At each event, there are a minimum of 10 bike workers, Corrao says. At a larger event, there may be as many as 20.
“It’s hard to find ministries for people to do together,” Corrao says. “People can do this together. Families can do this together. And when you see the smiles on the kids’ faces, it’s like icing on the cake.”
Workers repair bikes that children and adults bring to them at these events—bikes with flat tires, faulty brakes, missing pedals—and they make the repairs. If it’s time to wrap-up an event but not all of the bikes have been fixed, BikeMasters exchanges claim tickets for the broken bikes, which it hauls away; repairs are made in short order, and then Madril delivers the repaired bikes to their owners at a predetermined place and time.
“We don’t turn anyone away,” Corrao says.
But the events aren’t just about bikes.
“We usually try to provide food along with it—hot dogs and hamburgers,” Corrao says. Backpacks have also been distributed. “It’s anything we can do to mingle with people and talk to them about Christ. It’s maybe not as overt as that sounds, but people know we’re a church group.”
The church has teamed up with police agencies for some repair events (most recently with the Fresno County Sheriff’s Office Activities League; see Fresno Bee story), but partnerships have gone deeper than that.
Police departments and sheriff’s offices have passed along confiscated and unclaimed bikes to BikeMasters for refurbishing and distribution, Corrao says. Some of these bikes need only minor repairs, and some of them are scavenged for parts.
“We fix them up and give them away at these events,” Corrao says.
At police partnership events, BikeMasters workers repair bikes while officers mingle with the kids and the crowd. It helps foster good feelings between police officers and folks in the community. (And it’s no secret, Corrao says, that across the nation, police agencies are eager to improve relationships with their communities.)

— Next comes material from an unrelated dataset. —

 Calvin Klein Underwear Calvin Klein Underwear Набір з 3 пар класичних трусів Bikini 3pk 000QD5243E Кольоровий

“We were at one event when a police officer pointed to a kid and said, ‘See that kid? His bike was stolen in February. Is there any way you could get him a bike?’” Corrao says. “We said, ‘Sure.’ When we got the kid that bike, the child was so happy. And then we looked over at the cops, and they were crying.”
Corrao says CrossCity Christian Church recognizes it has been blessed financially to do such a ministry, and that’s one reason it seeks out people of poorer communities to bless. He says this type of thinking extends also to smaller churches in economically challenged areas.

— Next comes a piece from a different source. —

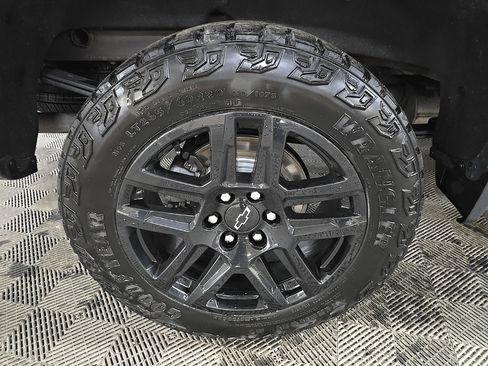 Used 2022 Chevrolet Silverado 1500 LT Trail Boss w/ Safety Package image 13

“For smaller churches, we’ve told them we’ll bring our equipment and people to your church and put on a bike repair event for your community,” Corrao says. “The [smaller] church will advertise the event and we’ll tell them, ‘It’s all about you guys. Don’t even mention our names.’ It has more to do with who can we reach? It’s about providing an opportunity to minister to people.”
Madril, who repairs motorcycles for a living, has also fostered relationships with area bike shops, which have made donations to the ministry.
And, in a strange twist, CrossCity was able to start an unrelated ministry as a direct result of the success and camaraderie that is so much a part of the BikeMasters outreach. Cassao tells the story.
“After volunteering at an event, a man came out with his two teenage boys and said, ‘Man, this was great!’ He asked me what we would do if we had another trailer.
“I said, ‘That’s easy, I would put together a YardMasters Ministry.’
“About three months later, he called me and said, ‘Look out your window.’ I looked out and there was a trailer. He had bought us a trailer!”
The YardMasters ministry is able to provide yard work to those who have a special need, perhaps due to surgery, illness, or age.
Jim Nieman serves as managing editor of Christian Standard.